CALDO ESTREMO: il peggio è passato ma il meteo rimane caldo

La stagione estiva, prolungatasi parecchio pure quest’anno, è stata caratterizzata da un’implacabile Estate Africana che ha dominato il meteo per più di un mese, rendendo le giornate estremamente gravose . Nonostante ciò, il periodo di Ferragosto ha introdotto una svolta gradita con l’arrivo di instabilità atmosferica. Questo cambiamento, inizialmente percepito come una leggera frescura, sta evolvendo in un fenomeno di maggiore entità.

Il meteo ha visto un’estate che ora si estende fino a cinque mesi, alterando significativamente la percezione tradizionale delle stagioni. Mentre Maggio e Giugno hanno offerto un clima più mite al Nord Italia, il Sud ha subito ondate di calore e siccità già da tempo.

Questo spostamento ha fatto sì che l’autunno e l’inverno quasi si sovrappongano, con temperature che continuano a superare le medie stagionali. Sebbene questo possa apparire vantaggioso per gli amanti delle attività balneari, comporta gravi rischi per la salute, inclusi i pericolosi colpi di calore.

Il meteo di Settembre ha subito una trasformazione, presentandosi come un mese estivo a pieno titolo, con temperature che persistono nell’essere elevate. L’ultimo Settembre fresco risale al 2015, e sembra che anche quest’anno seguirà lo stesso trend. I benefici di questa estensione estiva sono limitati, mentre i rischi, come l’aggravamento della siccità e l’ulteriore impoverimento delle risorse idriche, sono considerevoli.

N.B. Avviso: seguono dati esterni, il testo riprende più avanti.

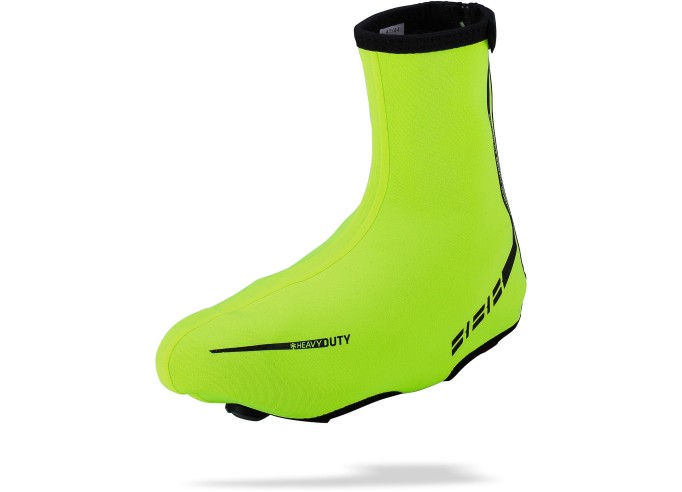 Shoecovers BBB BWS-02B HeavyDuty neon yellow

Un altro aspetto preoccupante di questa tendenza è l’intensificazione dei fenomeni meteorologici estremi. L’irruzione di aria fresca, quando avviene, porta con sé temporali violenti, grandine e forti raffiche di vento, causando danni notevoli.

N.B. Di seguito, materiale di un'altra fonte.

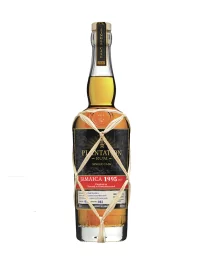  Jamaïque PLANTATION RUM 1995 Long Pond STCE Antipodes 69% (avec étui)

Le cronache meteorologiche recenti testimoniano la frequenza di tali eventi, e il persistere delle alte temperature protrae la siccità, esacerbando la scarsità delle risorse idriche. Con l’arrivo delle prime perturbazioni tra Ottobre e Novembre, il calore accumulato nei mari potrebbe innescare alluvioni devastanti, con effetti potenzialmente disastrosi per molte regioni del Sud Italia.